Caída y castigo del hombre

Dios creó al hombre y a la mujer y, los colocó en un lugar de la tierra, que era como un jardín fantástico, que comúnmente llamamos Paraíso terrenal o Edén, donde se hallaban reunidas todas las riquezas y encantos de la naturaleza. Los creó a Adán y a Eva en estado de gracia y de inocencia, y los enriqueció abundantemente con otros dones y prerrogativas naturales, preternaturales y sobrenaturales, que debían transmitir a sus descendientes. Los principales eran, además de la justicia original: la integridad o perfecta sujeción de las pasiones a la razón; la inmunidad de todo dolor y miseria; la inmortalidad del cuerpo y la ciencia infusa de las cosas naturales, proporcionada a su estado. Envidioso el demonio de la felicidad de nuestros primeros padres y aprovechando la libertad de que Dios les había dotado, y con ella, la posibilidad de desobedecerle, les tentó.

Si Adán y Eva no se hubieran alejado de Dios al desobedecerle, habrían sido completamente felices durante su vida en la tierra y sin pasar por las angustias de la muerte, hubieran ido después a gozar eternamente en el cielo de la vista de Dios, su Padre y Creador. Nos relata el libro del Génesis que el Señor Dios, dio a nuestros primeros padres (de quienes todos los hombres descendemos), el poder disfrutar de ese lugar maravilloso; pero les impuso una prohibición diciéndoles: “Podéis comer de todos los árboles del Paraíso, pero en cuanto a los del árbol de la ciencia del bien y del mal, que está en el centro del Paraíso, no lo toquéis, porque de lo contrario moriréis”.(Gen II, 15-17) Los puso ahí para que lo trabajasen y guardasen. Allí vivían felices, gozando de todas las riquezas y encantos de la naturaleza.

El demonio oculto bajo la forma de una serpiente, se acercó a la mujer y le dijo “¿Por qué no coméis de todos los frutos de este jardín? Eva le respondió: Comemos de todos los frutos de todos los árboles; pero Dios nos ha prohibido, bajo pena de muerte, que toquemos el árbol de la ciencia del bien y del mal. No moriréis, repuso el demonio; al contrario, el día en que comáis de ese fruto se abrirán vuestros ojos, y seréis como dioses, conocedores del bien y del mal” Eva tuvo la desgracia no sólo de dar crédito a estas falsas palabras y fijando su mirada en aquel fruto y, encontrándolo hermoso a la vista, juzgó que debía ser de un sabor exquisito: lo tomó, comió de él, dando luego a Adán que también comió.
En cuanto Adán hubo pecado, oyó la voz de Dios, que le llamaba y le preguntaba por qué había comido del fruto prohibido. Adán echó la culpa a Eva. Esta a su vez, dijo que la serpiente la había engañado, y entonces, el Señor maldijo a la serpiente. Enseguida anunció a la mujer que multiplicaría sus padecimientos y que estaría sujeta al hombre. Dirigiéndose a Adán, le dijo” “Porque has atendido más a las palabras de la mujer que a mi prohibición, maldita será la tierra por tu causa; comerás el pan con el sudor de tu frente, hasta que vuelvas a la tierra de que fuiste sacado, pues polvo eres y en polvo te has de convertir”. Luego “avergonzados de su desnudez” se cubrieron con hojas y fueron expulsados del Paraíso terrenal. A la entrada del Paraíso puso Dios un Ángel con una espada de fuego para que no pudiesen entrar en él.

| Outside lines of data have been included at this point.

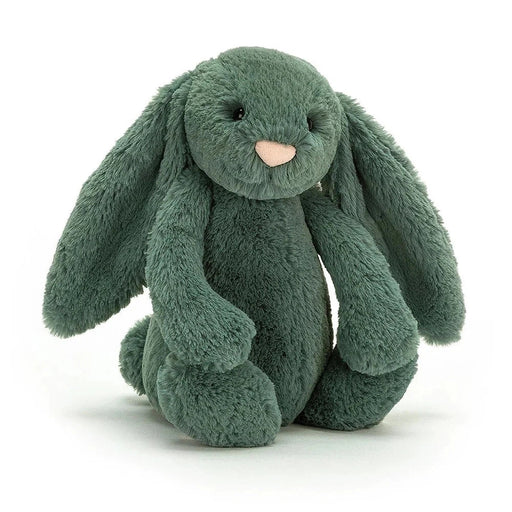 Jellycat Bashful Forest Bunny - Plush - Jellycat - Bumbletree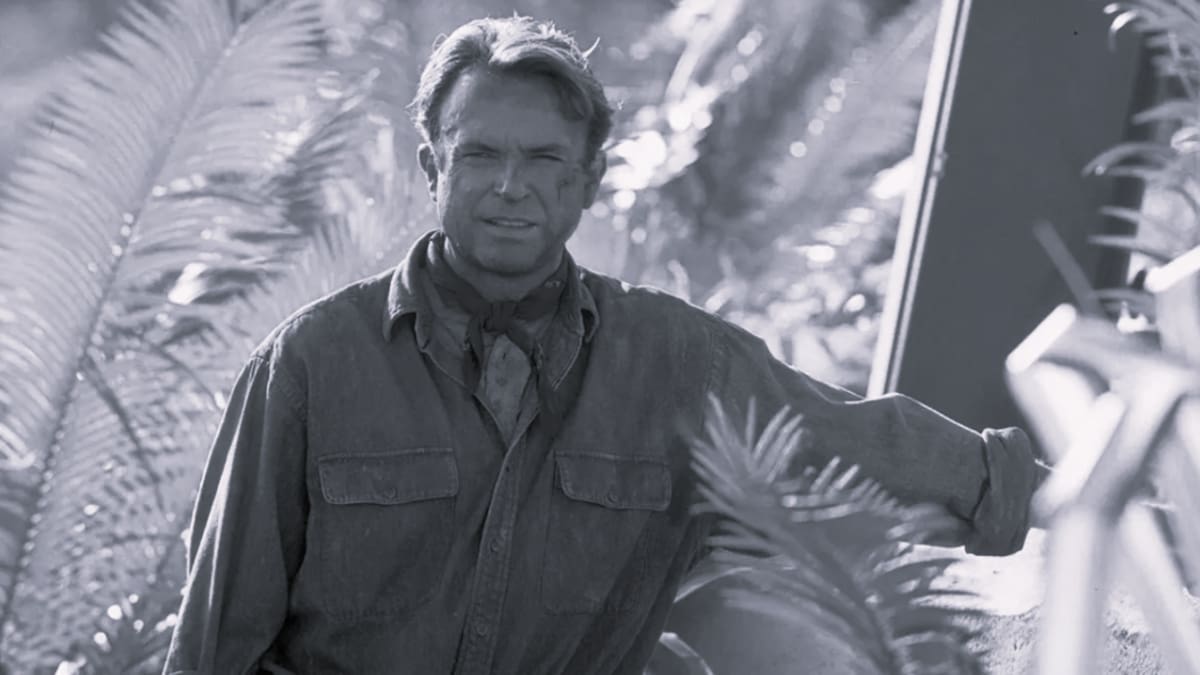De qué murió Sam Neill: el protagonista de Jurassic Park y figura de Peaky Blinders falleció a los 78 años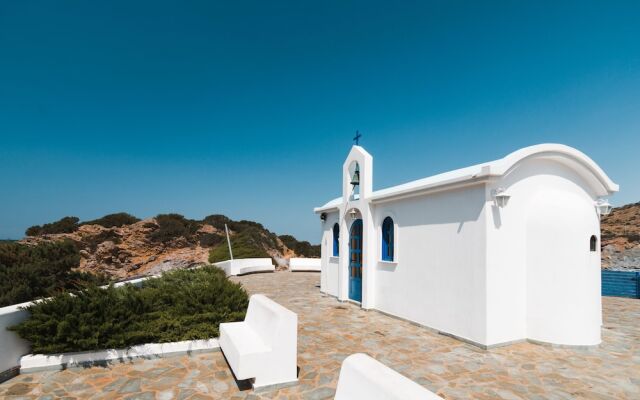 Villa Eve near Sounio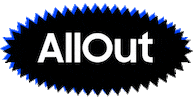 All Out Sticker by Samsung Romania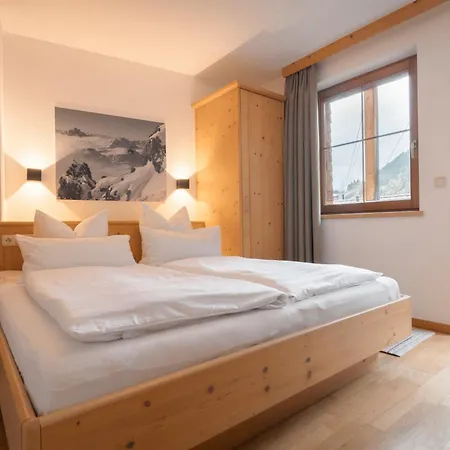 Apartments Sarlo Sankt Anton am Arlberg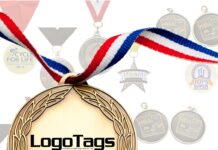 LogoTags, the USA’s Leading Custom Challenge Coin Company and Part of a Fourth-Generation Family Business, Sponsors Race Medals to Run for the Stripes 5K and 1 Mile Event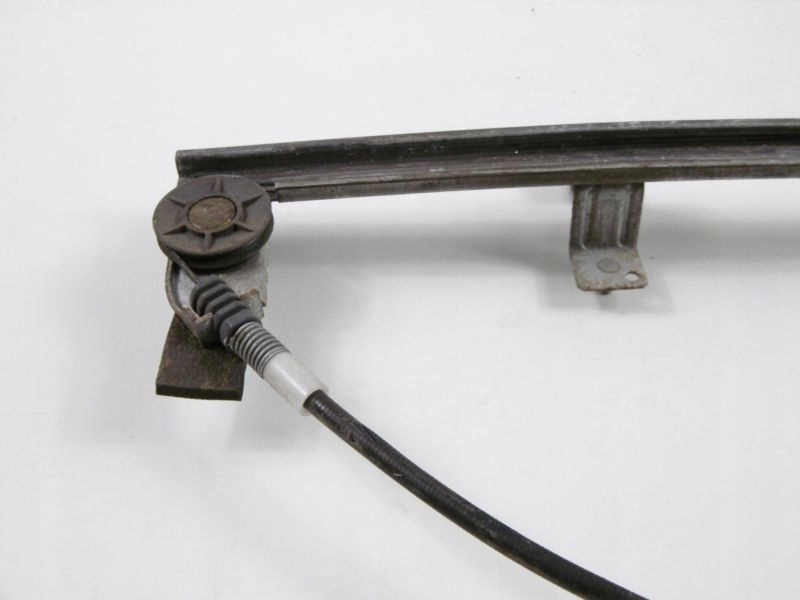 фото №7, Citroen jumper i 94-02 механизм стекло перед левый 1311036080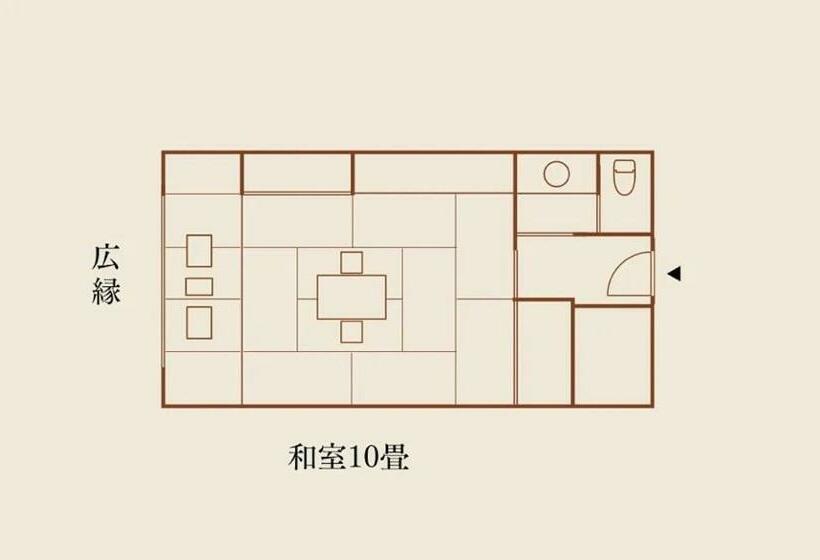 浴室共有ファミリールーム, Shima Onsen Yoshimoto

El relato recoge la esencia y maldad del pecado de nuestros primeros padres, para que los hombres, de todos los tiempos de la historia lo entendamos porque, es imposible, que podamos comprender, aquí en la tierra, el hecho concreto que acaeció. Adán y Eva cometieron un pecado de soberbia y de grave desobediencia. Este pecado en ellos fue personal; pero como eran cabeza del genero humano, su culpa es heredada por todos sus descendientes; y por eso se llama pecado original. Todos los hombres pecaron en Adán, dice San Pablo, y por causa de ese pecado todos nacemos privados de la gracia santificante. Solamente La Santísima Virgen María. Madre de Jesús, fue preservada de este pecado, por un privilegio especial y en virtud de los méritos de su Hijo, el Redentor.

Consecuencias del pecado original son: la pérdida de la gracia santificante y, por consiguiente, del derecho al cielo; la ignorancia, el desorden de nuestras pasiones, la inclinación al mal, las enfermedades y miserias de la vida (guerras, hambres, epidemias, catástrofes, etc.) y por fin la muerte.